Other trees cope by putting forth new leaves that look sickly or dead, since new leaves are a delicacy in the forest. Some new leaves are red, white or blue, a color scheme that may turn off insects. More important, the leaves do not make an investment in developing the machinery for photosynthesis until they are tough enough to resist insect jaws.

Untangling these interactions and beginning to understand how a rain forest works can take years, but may produce surprising results.

Smithsonian biologist Neal Smith, for example, wanted to know more about the spectacular mass migrations of a pretty black and green, swallow-tailed moth named Urania fulgens.

Caterpillars of the moth will eat only one species of plant, a vine from the genus Omphalea.
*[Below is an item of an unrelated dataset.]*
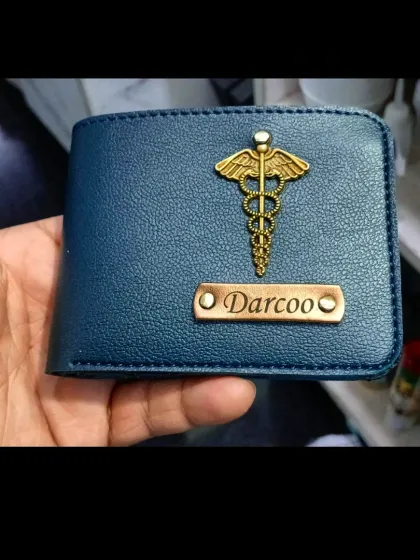 A close-up of a blue leather wallet customized for 'Darcoo' with a caduceus charm, perfect for a medical professional.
The vine defends itself by producing an “antifeedant,” a complex alkaloid called DMDP that keeps most insects from eating the plant. But the U. fulgens moths become addicted to DMDP.

“They’re hooked on the stuff,” Smith said. “They crave it.”

But the vine has another trick. If its leaves are being grazed too heavily by the moth, it stops producing the alkaloid. Smith believes that withholding the drug from the moth sets off the mass migrations.

There is more. Several years ago, chemists at the Royal Botanic Gardens at Kew, England, along with colleagues elsewhere found that DMDP may have some remarkable characteristics.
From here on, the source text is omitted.